* [AIM OF THE TASK]
From the records that follow, return exactly the lines beginning at the one that contains "Hotel New Blue" and ending at the one that contains "2475 Creekside Court, Oakland", pictures left out.

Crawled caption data

========================

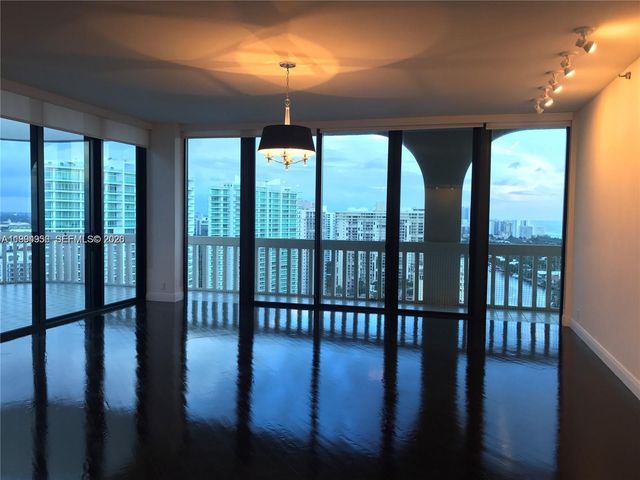 19707 Turnberry Way TS-4, Aventura, FL 33180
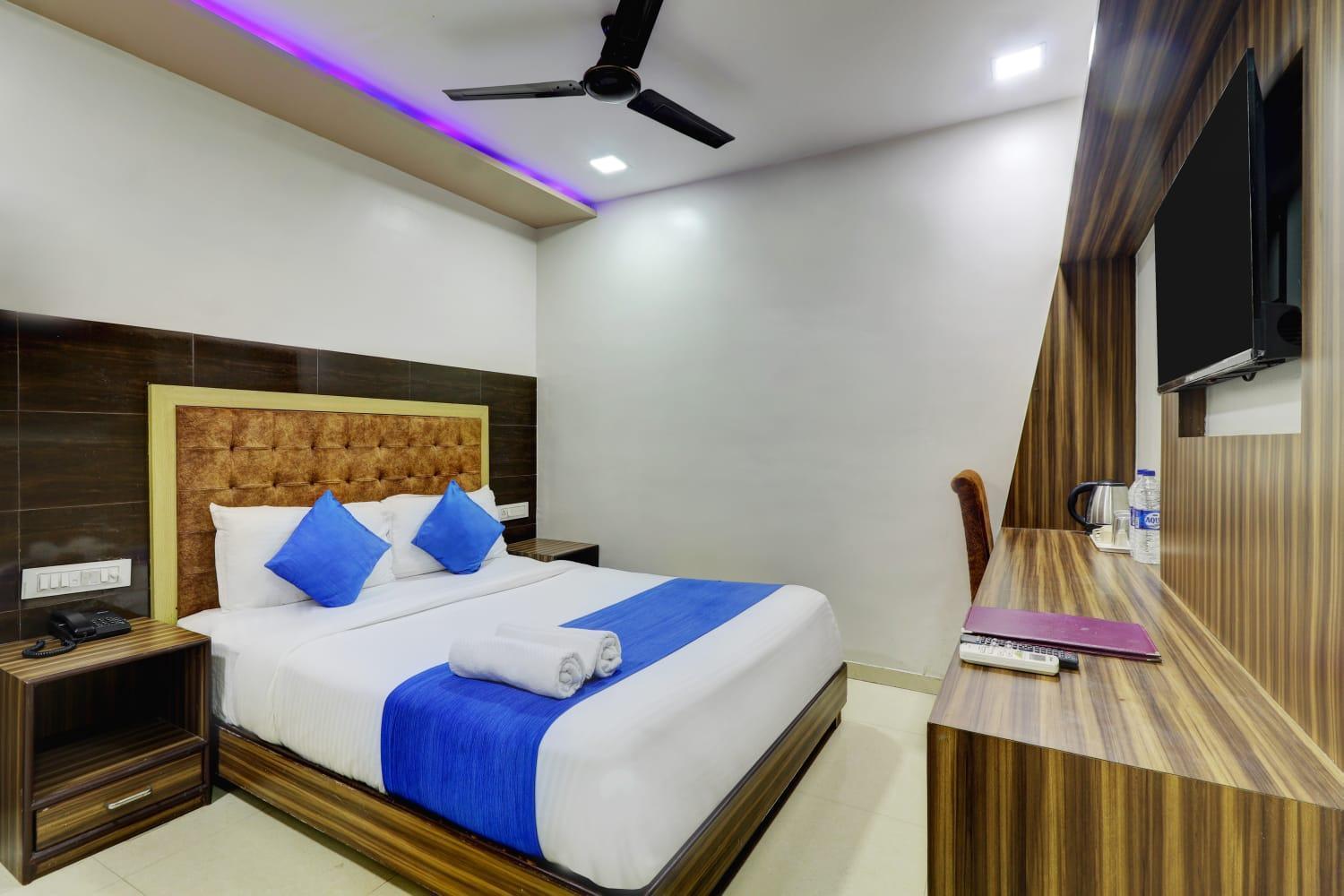 Hotel New Blue Sapphire Residency Мумбай Екстериор снимка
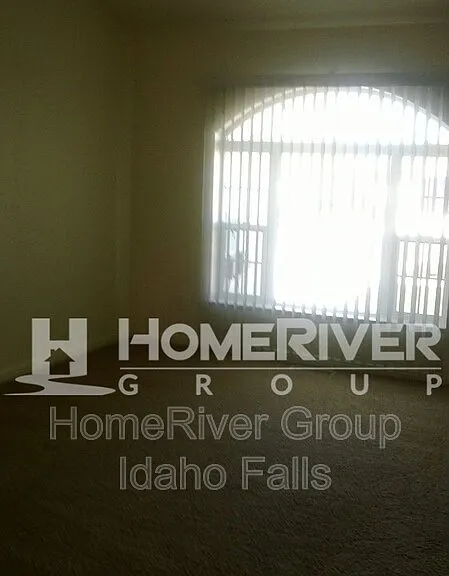 243 Bridger Dr — Photo 8
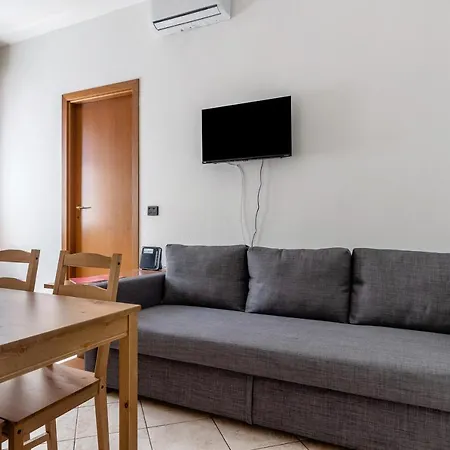 Delia's In The Center By Wonderful Italy Bolonia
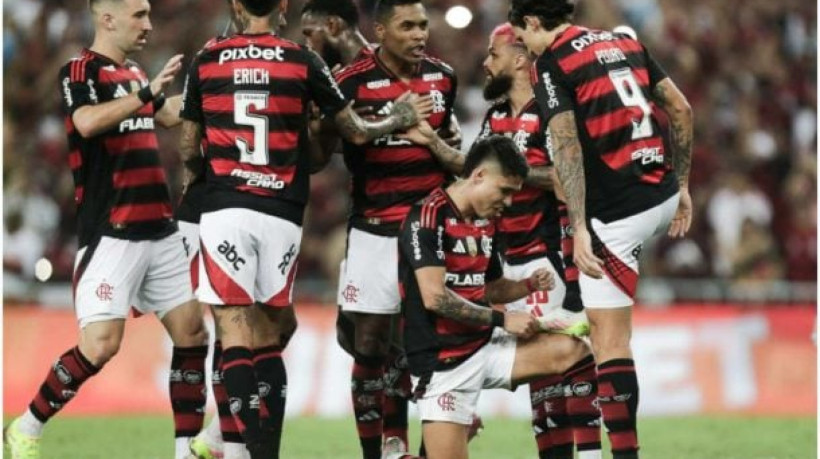 Destaque para Varela, que vem jogando muito, na lateral e no meio, mas que não é queridinho da torcida do Flamengo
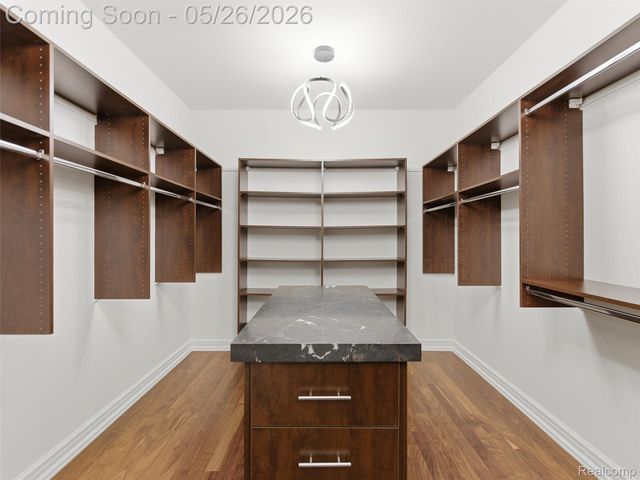 2475 Creekside Court, Oakland Charter Township, MI 48306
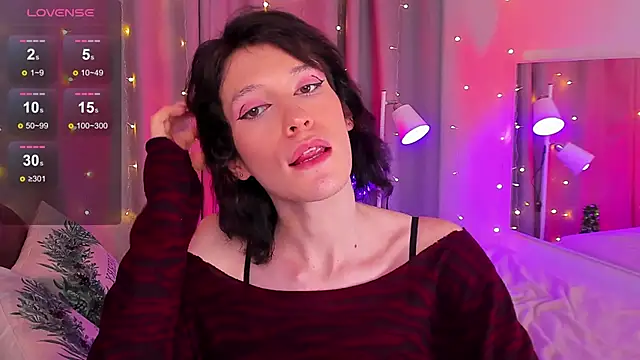 Snapshot of Kolette_Gray chatting on 12-06-24, 06:50 Kolette Gray online show from 12-06-24, 06:50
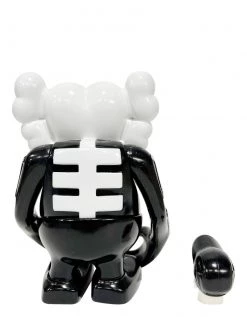 TOY TOKYO KAWS X Bounty Hunter - Skull Kun Black & White, 2006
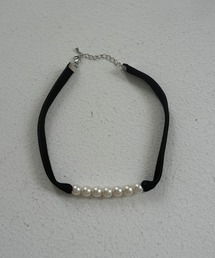 et.UNiVER（エトユニベール）の「Pearl Accent Choker（チョーカー）」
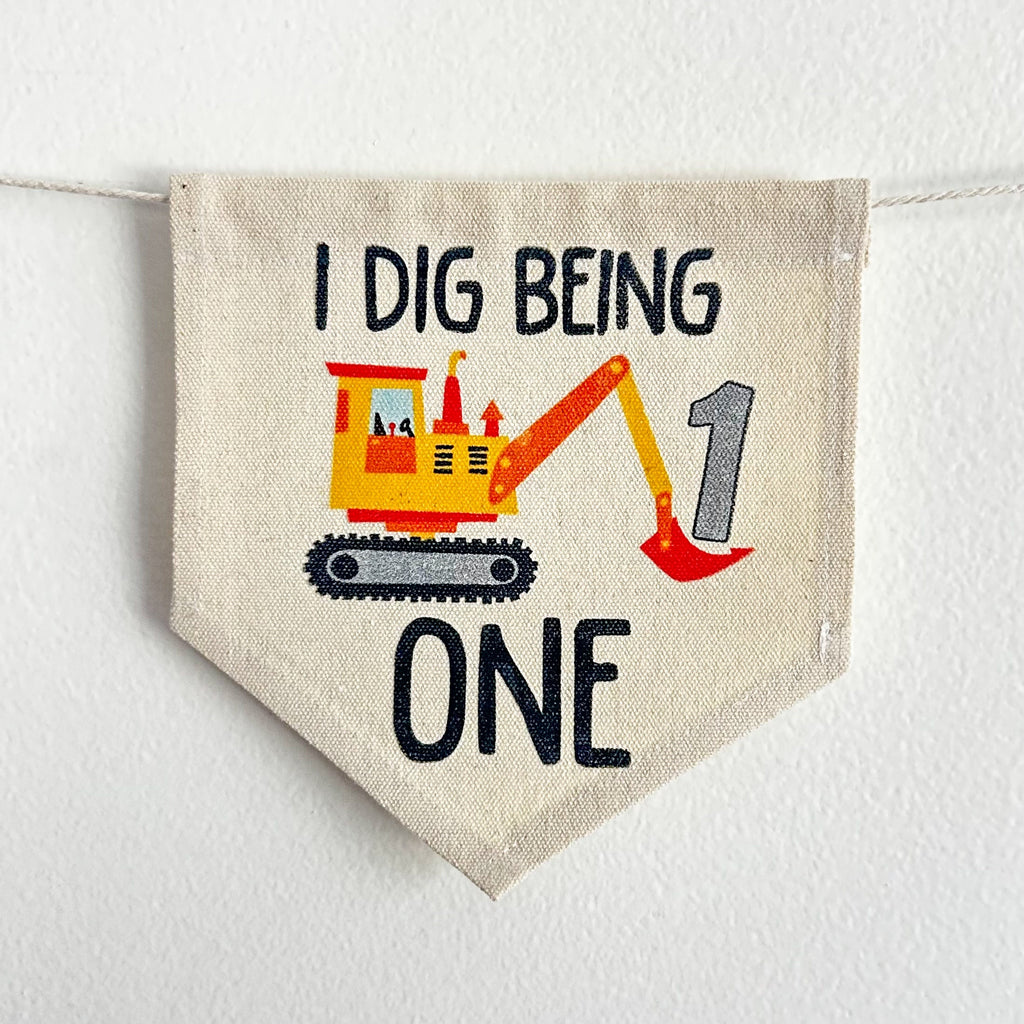 I Dig Being One Construction 1st Birthday Banner, Highchair Decoration, First Birthday Party Sign, Tassel Banner, Cake Smash Pennant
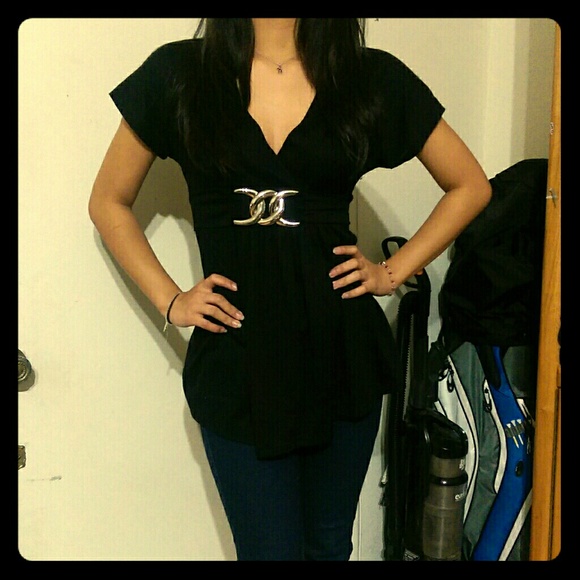 🎈🎇ON HOLD🎇🎈 Black top with dangle accessory
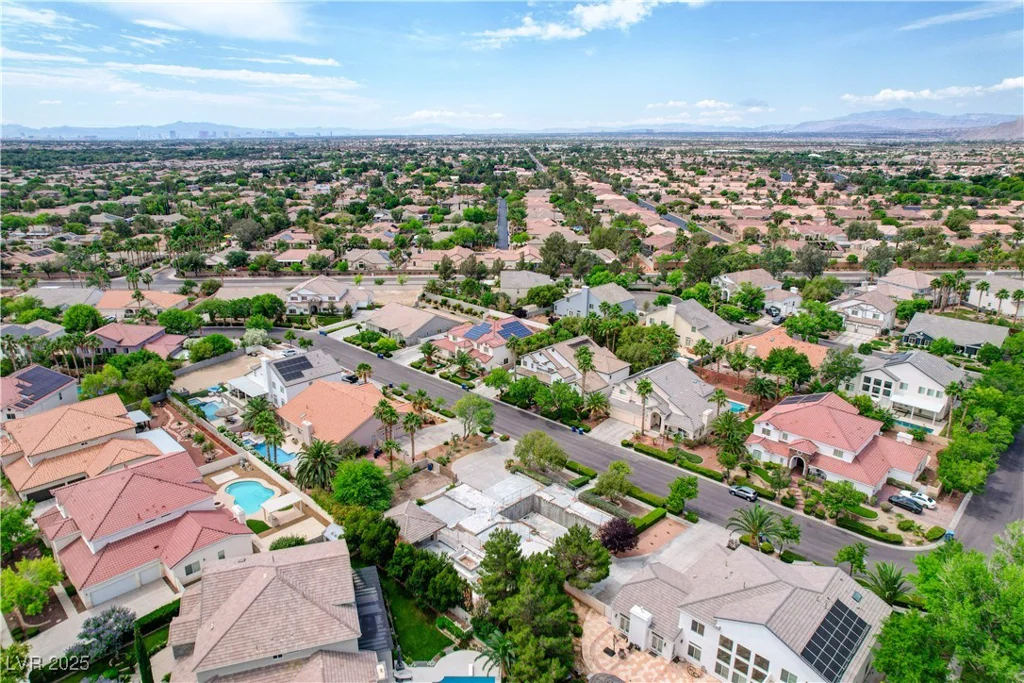 7360 Bachelors Button, Las Vegas, NV 89131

========================

* [EXERCISE RESPONSE]
 Hotel New Blue Sapphire Residency Мумбай Екстериор снимка
 243 Bridger Dr — Photo 8
 Delia's In The Center By Wonderful Italy Bolonia
 Destaque para Varela, que vem jogando muito, na lateral e no meio, mas que não é queridinho da torcida do Flamengo
 2475 Creekside Court, Oakland Charter Township, MI 48306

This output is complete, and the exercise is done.